Using the "mid-retailer" dataset with no load
|Task||Time to Complete (avg/seconds)|
|Visit Home Page||4.146|
|Visit Tag Page||3.613|
|Visit Product Detail Page||3.362 (avg)|
Using the "mid-retailer" data with a load of 1000 simulated users
|Task||Time to Complete (avg/seconds)|
|Visit Home Page||4.101 (with a target of 3 seconds)|
|Visit Tag Page||3.670 (with a target of 2 seconds)|
|Visit Product Detail Page||3.383 (with a target of 2 seconds)|
Since we're continuing to scale up, we don't have a complete set of results yet, but we hope to have them ready at the next Reaction Action livestream. If you want to follow our progress, watch the issues marked with the
While we may not have all the metrics available, we have learned a few things so far:
The database is almost never the problem.

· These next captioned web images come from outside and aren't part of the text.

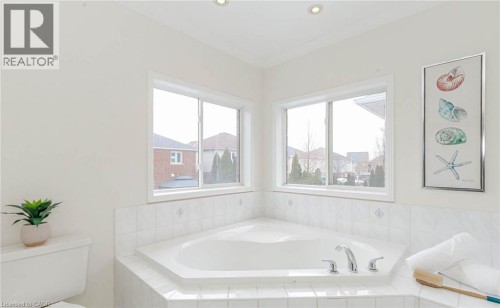 2452 Pathfinder Drive, Burlington, ON 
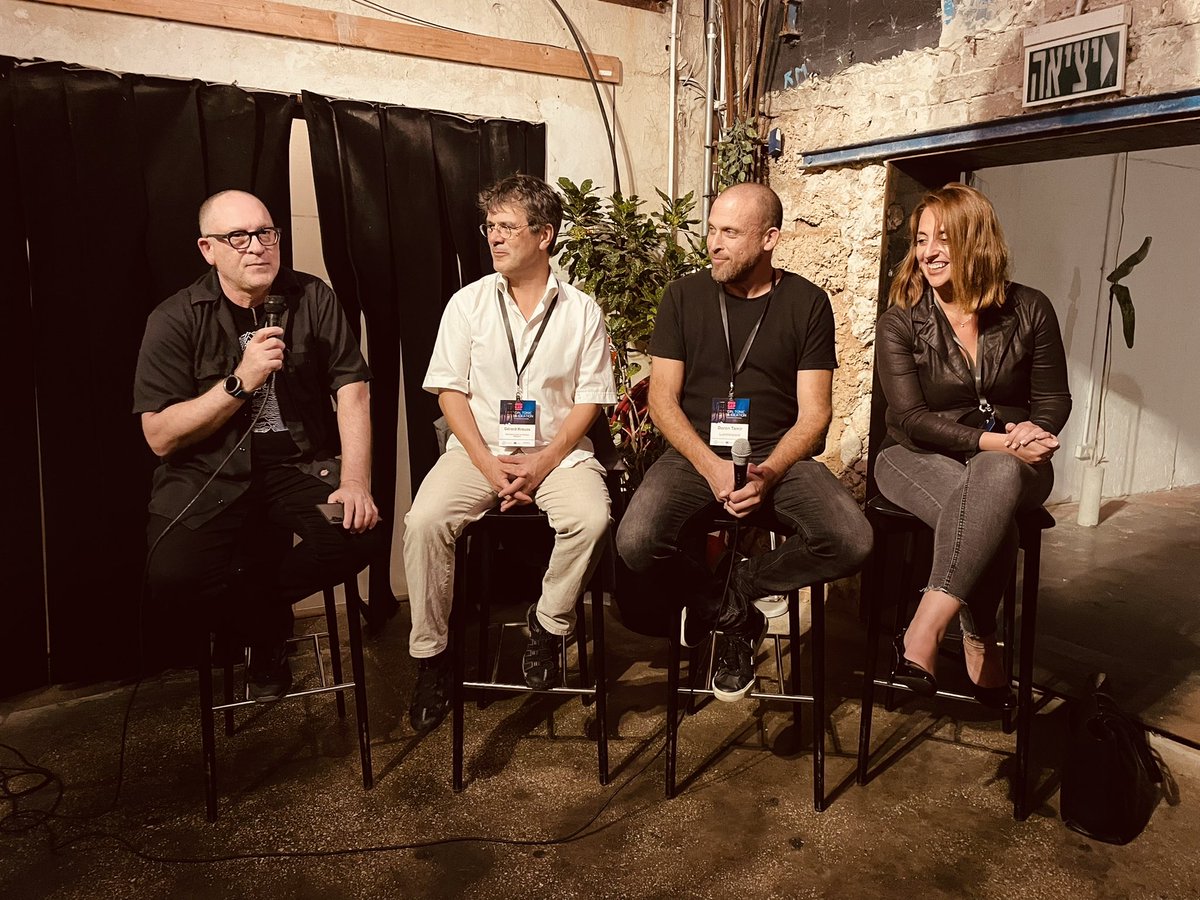 Best of both worlds 🇩🇪🇮🇱: our Chief Epidemiologist Prof. Gerard Krause exchanging views on entrepreneurial challenges w/ Israeli startup founders.  <a href="/SORMAS_open/">sormas_open</a> <a href="/Helmholtz_HZI/">Helmholtz-Zentrum für Infektionsforschung –inaktiv</a> #SpliSense <a href="/HebrewU/">Hebrew University</a> <a href="/EITHealth/">EIT Health</a>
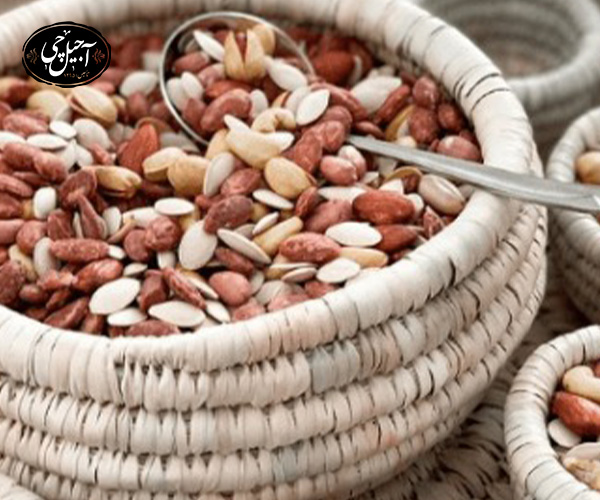 تزیین آجیل یلدایی در ظروف سنتی و مدرن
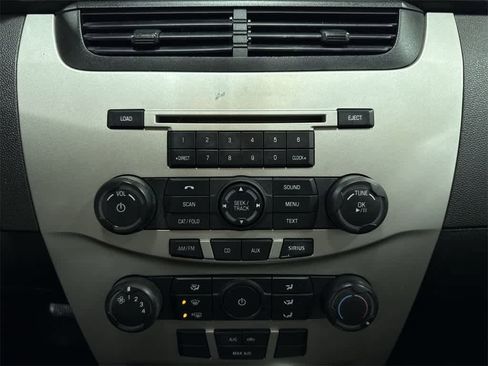 Used 2010 Ford Focus SE image 20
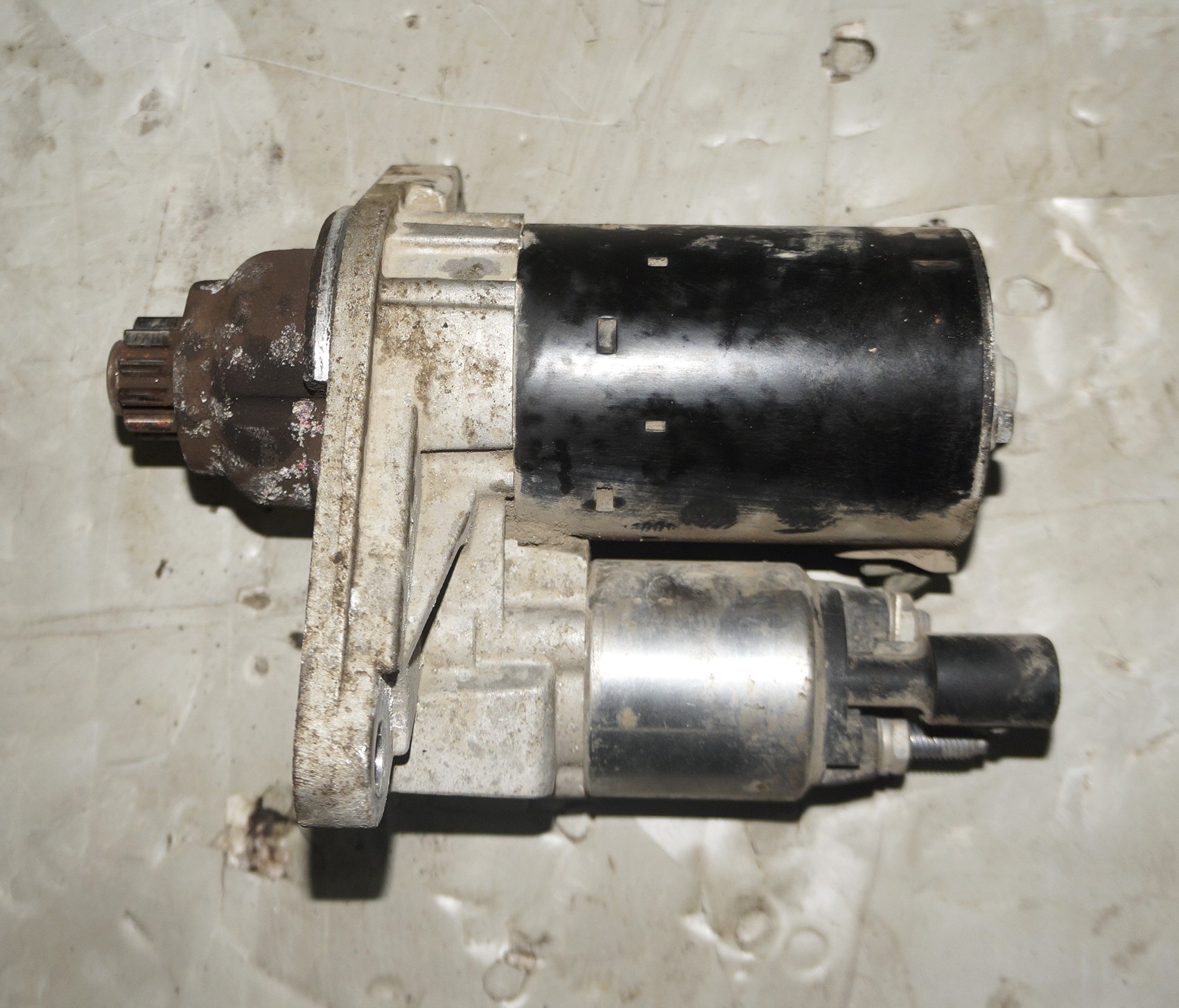 Стартер vw jetta 6 17217145 (3)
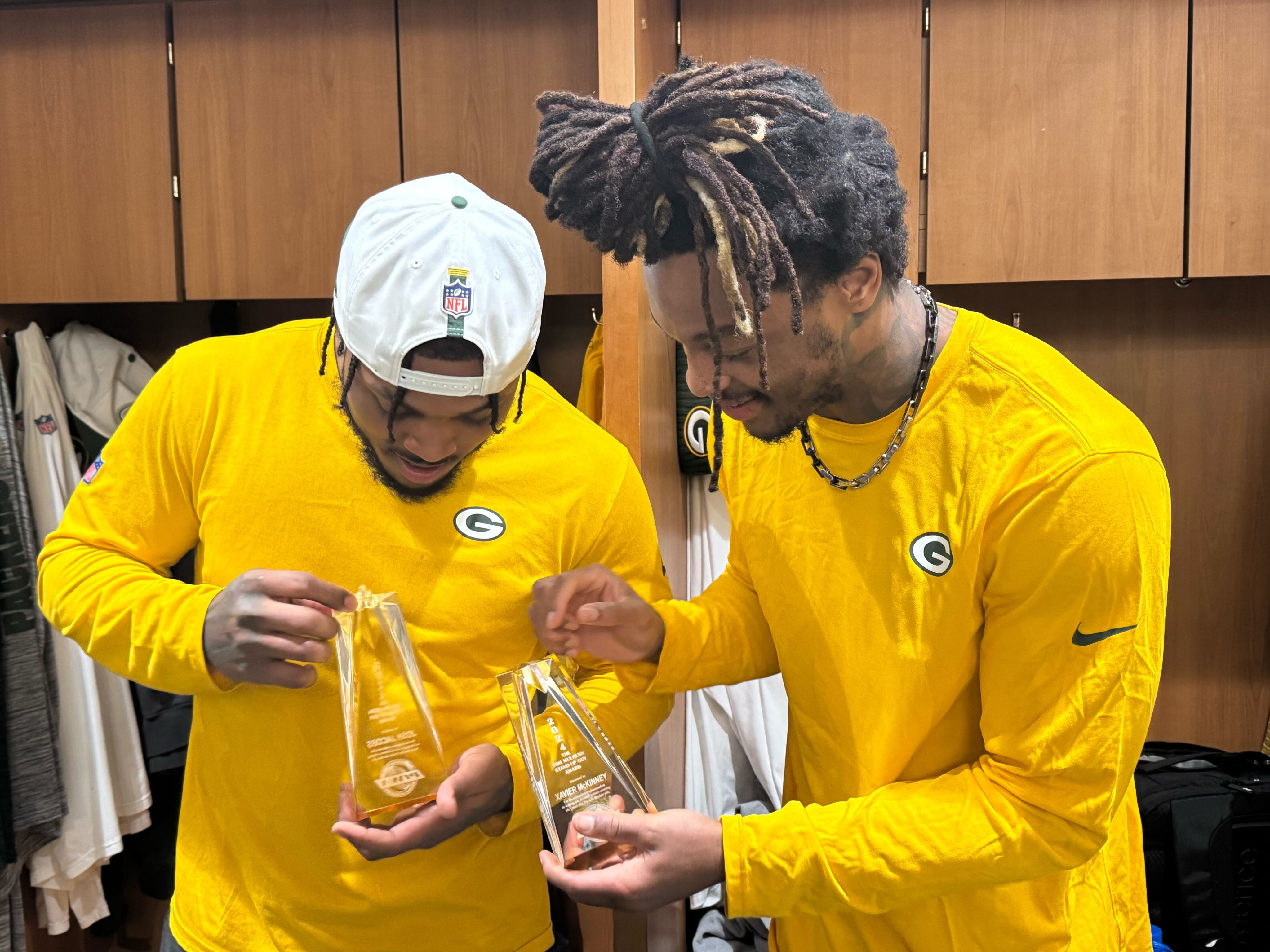 Wes Hodkiewicz on X: "Our story on S Xavier McKinney & RB Josh Jacobs being  honored Thursday as the co-recipients of the 2024 Tom Mulhern Stand-Up Guy  award, as voted on by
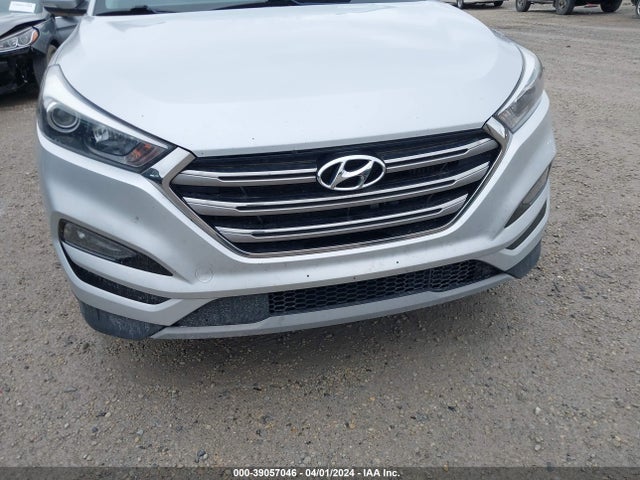 Hyundai Tucson Limited 2018 KM8J3CA24JU644197 Image 17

Watch your indexes. Other than that, Mongo is blazing fast for most queries. We probably could have optimized the number of times we called the same query (eg. for something like
getPrimaryShop), but not at the same sort of granular level as an SQL database. Most queries are < 30ms.
It's pretty easy to sink a single process.
When a user hits the home page, the server has a lot of work to do. It pushes all this data down to the client, so having lots of processors is important to handling load. In our initial experiments, we used pm2 to spread requests across a bunch of processors. Now, we are transitioning Amazon's Elastic Container Service and a modified version of our Docker image. This way, each container serves one process, allowing our team to easily auto-scale out with load.
Using a CDN is a good idea...
It comes as no surprise to anybody, but Meteor makes it pretty easy to serve the initial built JS to client from a CDN, which dropped that load time from around 2.5 seconds to 600 ms.
...But serving images from Mongo isn't as bad as you might think.
It's always important to test before optimizing. I had expected serving images from Mongo to be a performance dealbreaker right from the get-go, but it worked surprisingly well, even though we had overloaded our dataset products with lots of images. Nevertheless, it's still preferable to use a CDN.
The latest release was a gamechanger.
When loading more than a few hundred products on the Grid using the Products collection, the platform would start to become unusable because of all the extra work it had to perform in order to calculate things, such as how many items were in stock. The changes to the Catalog eliminated this problem. If a user is running an older version of Reaction, this would be their reason to upgrade.
We are learning a lot about what it means to host a Reaction website at scale, and so far, we've been pretty pleased with the results—Reaction holds up pretty well under load. The next step is to continue building our test infrastructure and iterating on it.
We expect to have these test results complete within the next month or so. I'll be writing another blog post sharing our complete results, as well as how we built our infrastructure for this project. We hope to share more soon.